К 1933 г. в городе осталось всего лишь 58 православных храмов. Но и здесь проведение праздничных богослужений строго контролировалось властями. С 1929 г. Крестные ходы и ночные службы можно было проводить только дважды в год — на Рождество и на Пасху. К 1933 г. ущемление православных обрядов усилилось. Традиционный порядок праздничных богослужений разрешено было оставить только в 30 ленинградских церквях. М. В. Шкаровский, ссылаясь на предписание Ленсовета, подчеркивает: «Крестные ходы могли проходить только вокруг храмов, причем останавливаться на паперти или внутри ограды запрещалось»[267]. Властные структуры стремились ограничить и «физическое», и «социальное» пространство воздействия религии на население. Результатом этого явилось перемещение традиционных норм повседневности из публичной сферы в сугубо приватную, что способствовало их постепенному перерождению в своеобразную социальную аномалию.
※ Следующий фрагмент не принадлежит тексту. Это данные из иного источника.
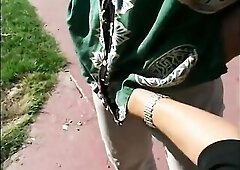 Randy shlong sucking chick is creamed and takes a rod in the twat on the tennis court until her fresh student busts a chunky nut all over her face.
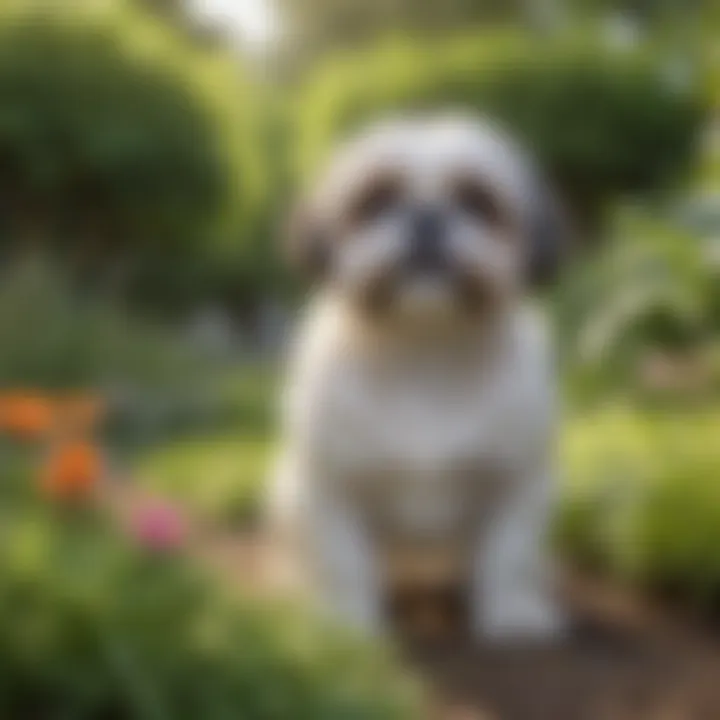 A Shih Tzu playing in a lush garden, showcasing its vibrant energy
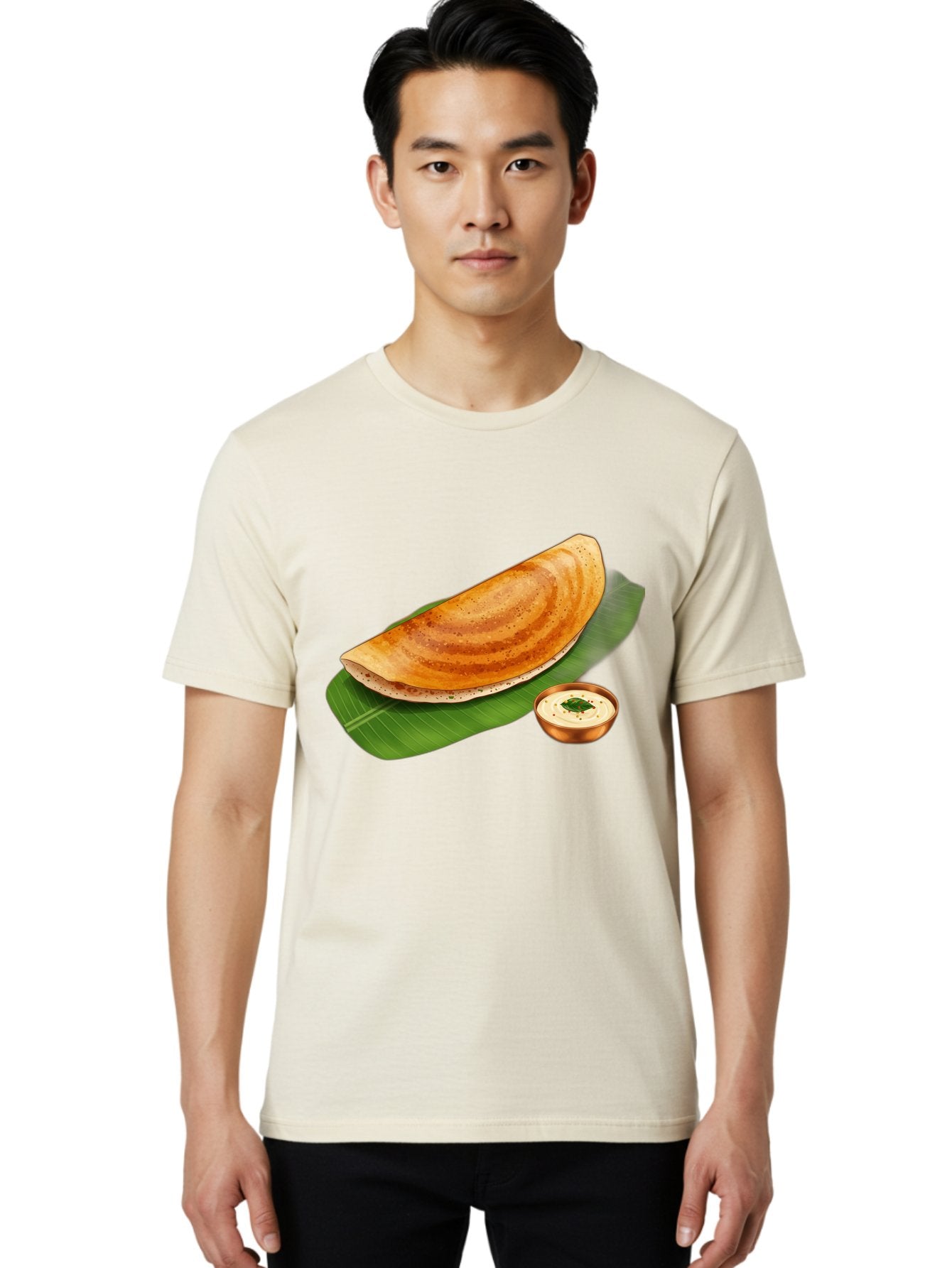 Masala-Dosa-With-Chutney Men'S Graphic Tee, 100% Cotton, Comfortable Casual Summer Wear, Machine Washable, Crispy Dosa, South Indian Cuisine, Fermented Rice Crepe, Chutney, Traditional Breakfast, Indian Food, Banana Leaf, Tasty Dosai Baa988 19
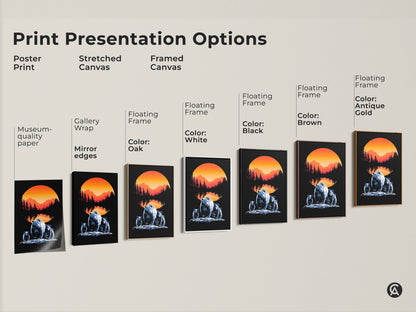 Print presentation options include poster print stretched canvas and framed canvas. The bear family artwork with sunset and mountain landscape offers gallery wrap museum quality paper and floating frame options in various colors for perfect wall art.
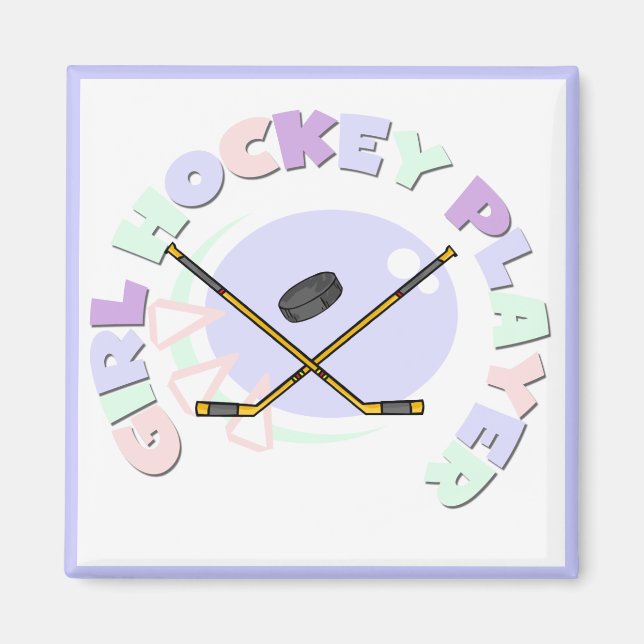 Aimant Chemises et cadeaux pour joueuses de hockey fémini (Devant)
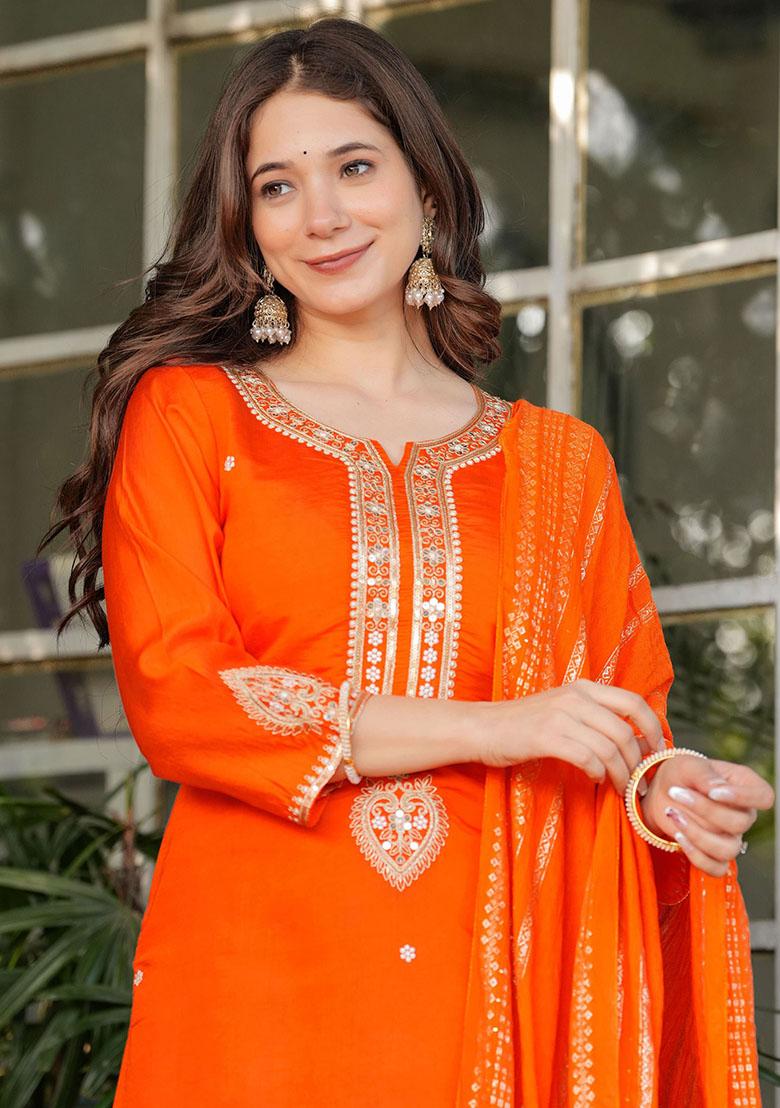 Orange Embroidered Viscose Kurta Set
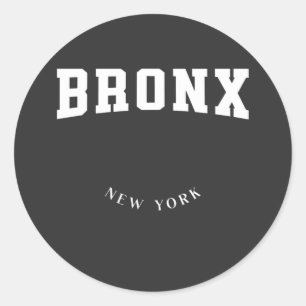 Bronx New York White Classic Round Sticker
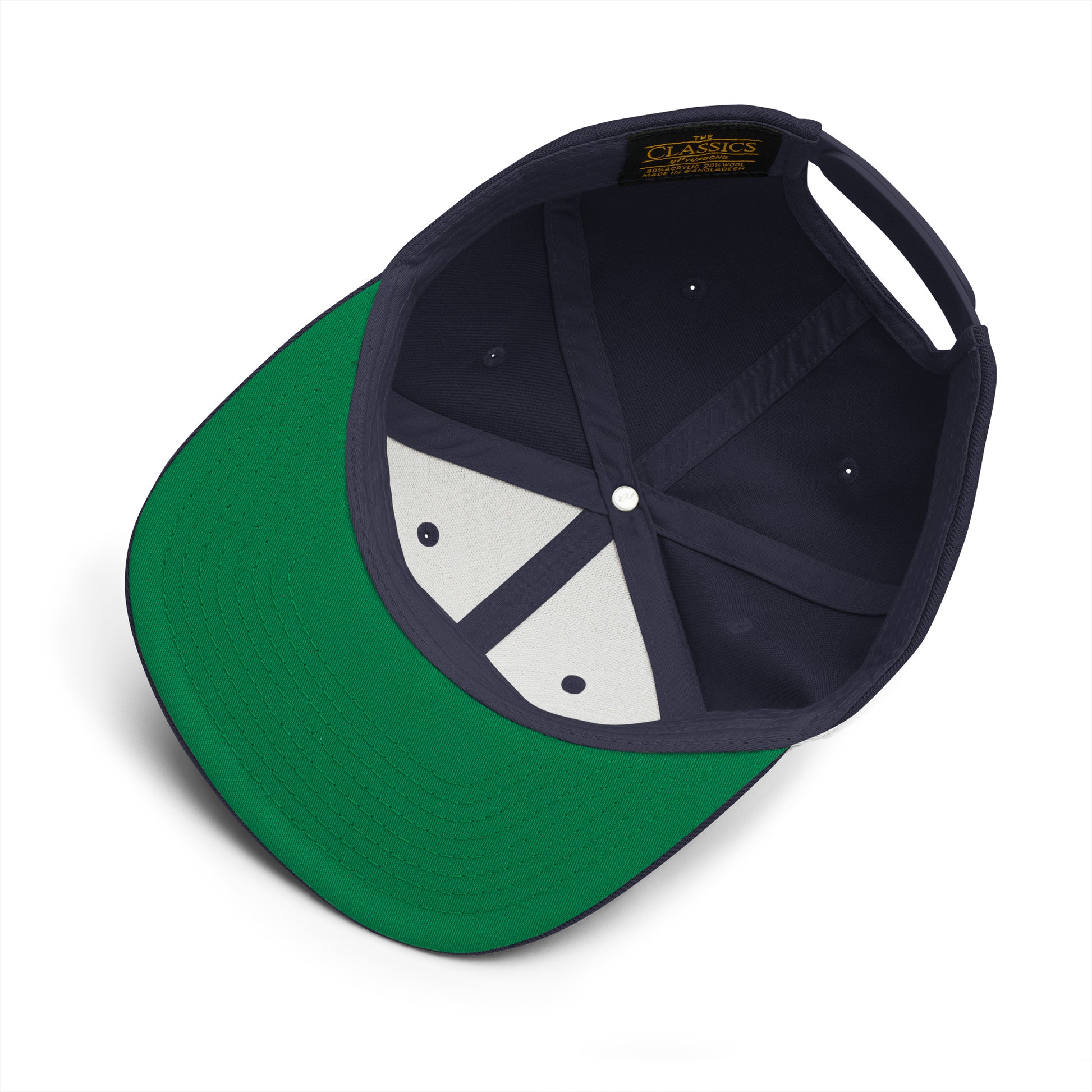 Navy-Never Grow Up Graffiti Snapback Hat from B.Different Clothing, detail, graffiti-inspired streetwear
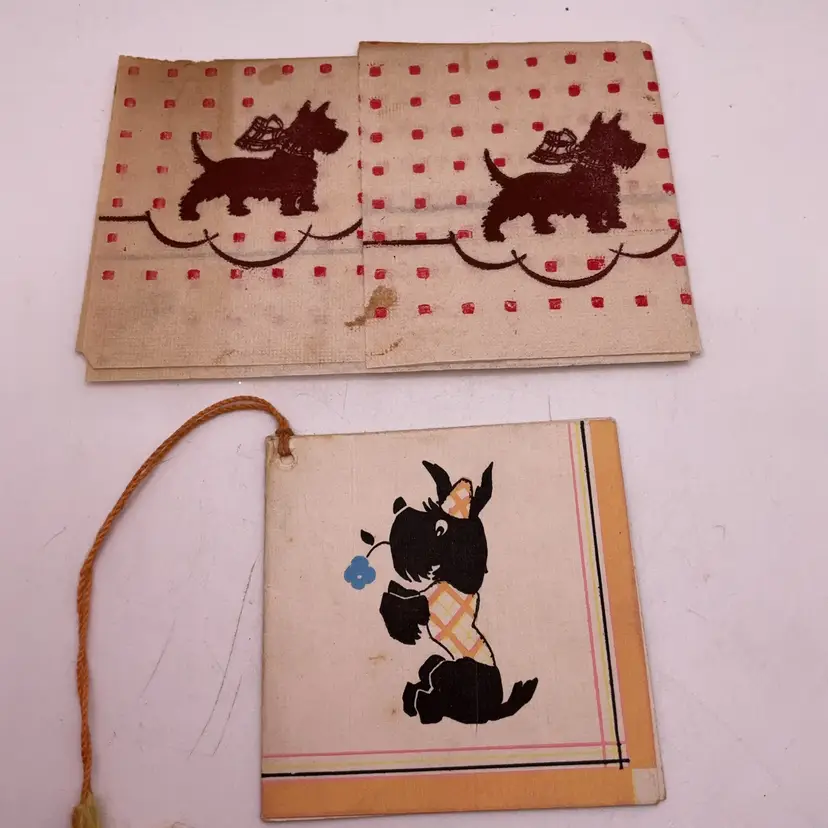 PP4 VTG Scottie Scottish Terrier Dog Tally Card and Napkin Lot of 2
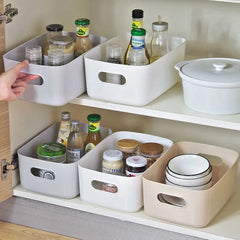 Panier de rangement divers, boîte de rangement de collations de bureau pour étudiants, boîte de rangement de cosmétiques en plastique, boîte de tri de cuisine domestique, boîte de maquillage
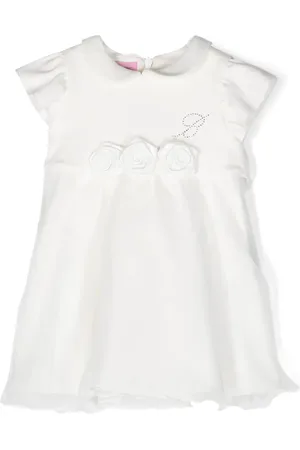 MISS BLUMARINE Vestido con apliques florales y logo en strass
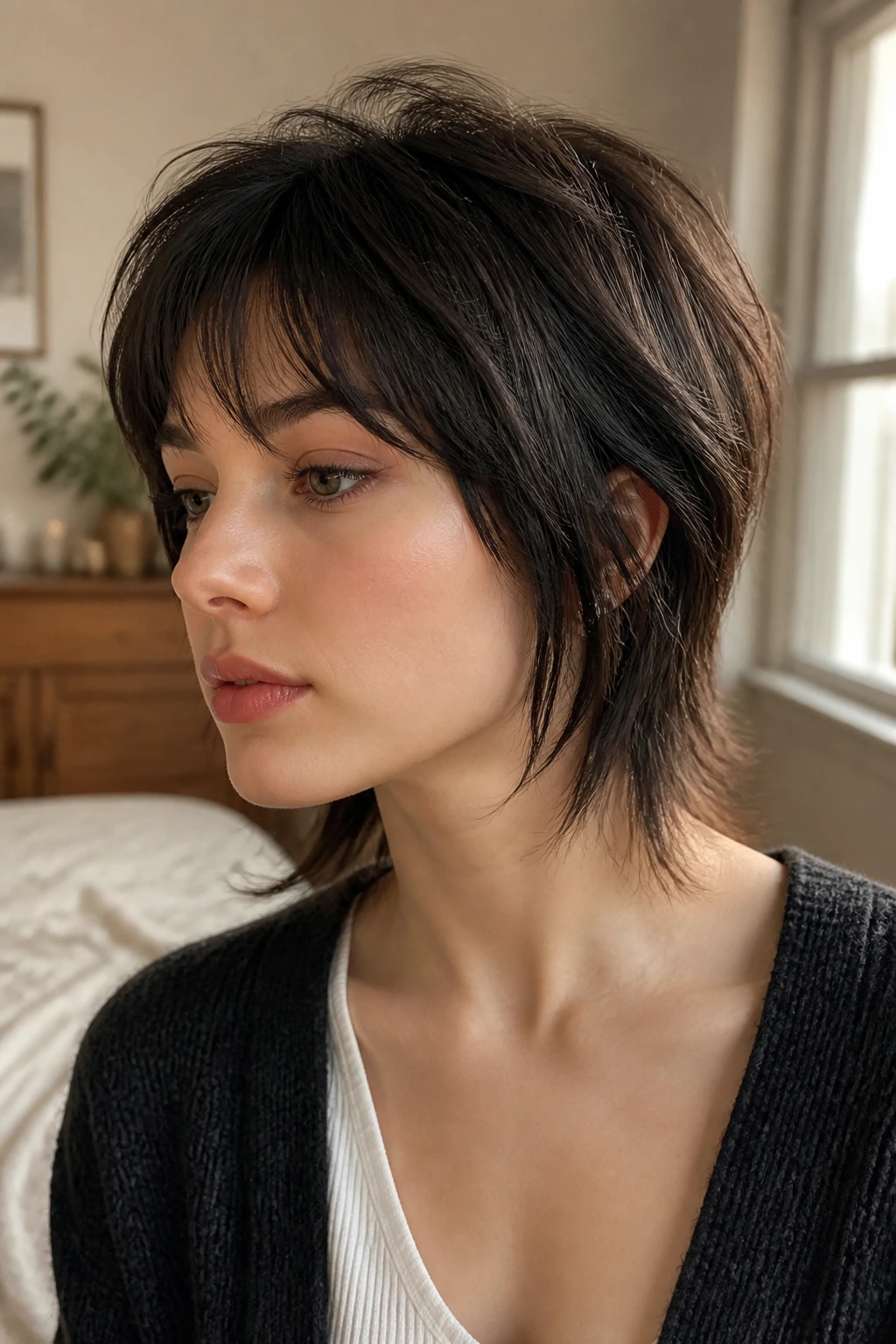 Close-up portrait of a real person with a fine-hair wolf cut and lifted crown in a softly lit bedroom.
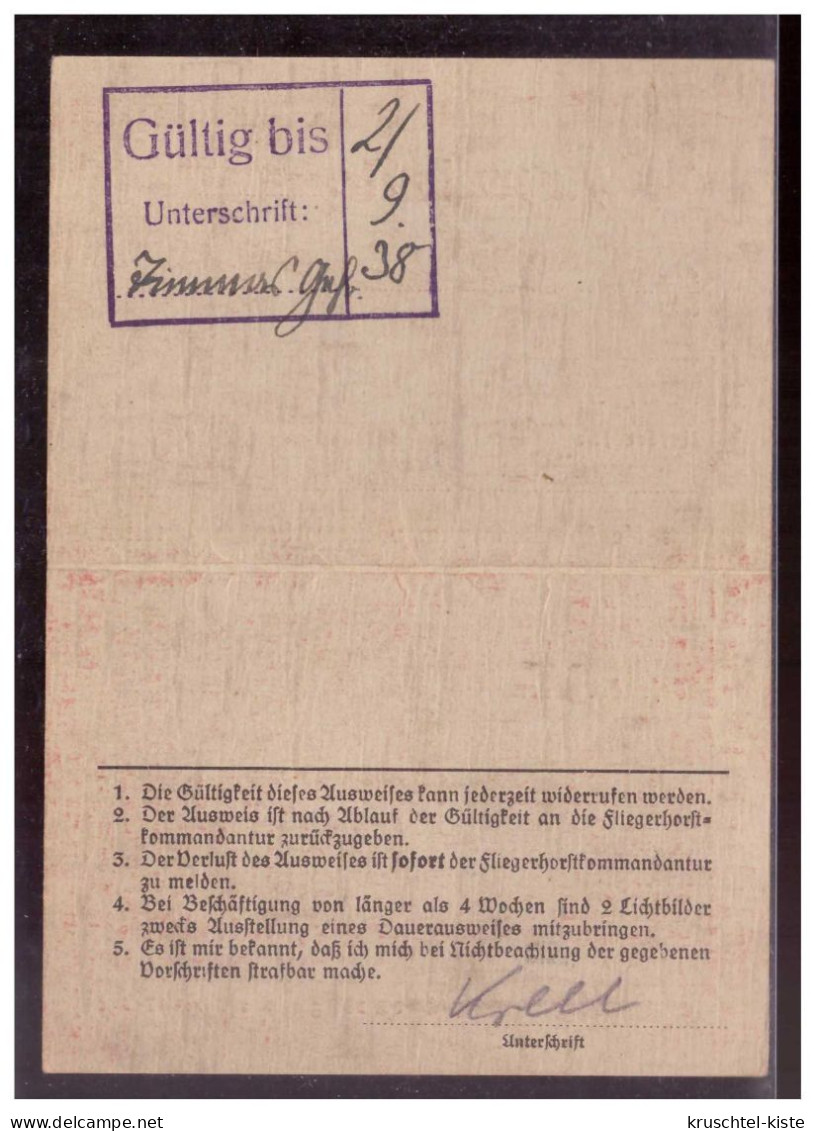 Dt- Reich (021028) Propaganda Ausweis Zum Betretten Des Fliegerhorstes Wesendorf Vom 25.7.1938- 2.9.1938 - Documents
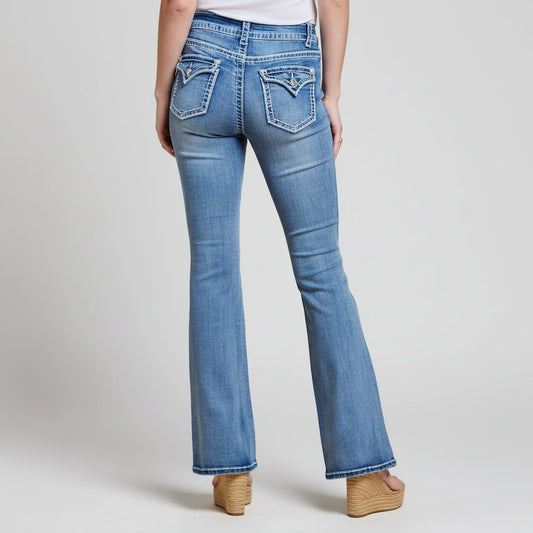 Women’s blue denim bootcut jeans with high waist and embroidered back pockets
Конечно, в таком большом городе, как Ленинград, всегда могли найтись люди, способные практически в любых условиях исполнять публично религиозные обряды. Так, в 1933 г., по очень приблизительным данным специальных сводок НКВД, поступавших в горком ВКП(б), в пасхальных службах участвовало 156 тыс. чел., в числе которых было почти 39 тыс. юношей и девушек до 25 лет. В 1934 г. их количество сократилось до 30 тыс., в 1935 г. составляло 34 тыс., а в 1936 г. — 33[268]. Даже молодежь тянулась к исполнению традиционной религиозной обрядности. Однако под давлением обстоятельств от этой привычки необходимо было отказываться. Факты посещения церквей и даже празднование Пасхи и Рождества, как правило, являлись проводом для исключения из рядов партии большевиков и комсомола. При этом в 30-е гг. гонения на людей, в повседневности которых наличествовали элементы бытовой религиозности, усилились. В 1926 г. исполнение церковных обрядов составило более одного процента в числе причин исключения из комсомола в Ленинграде, а в 1933–1936 г. — уже 3 %[269].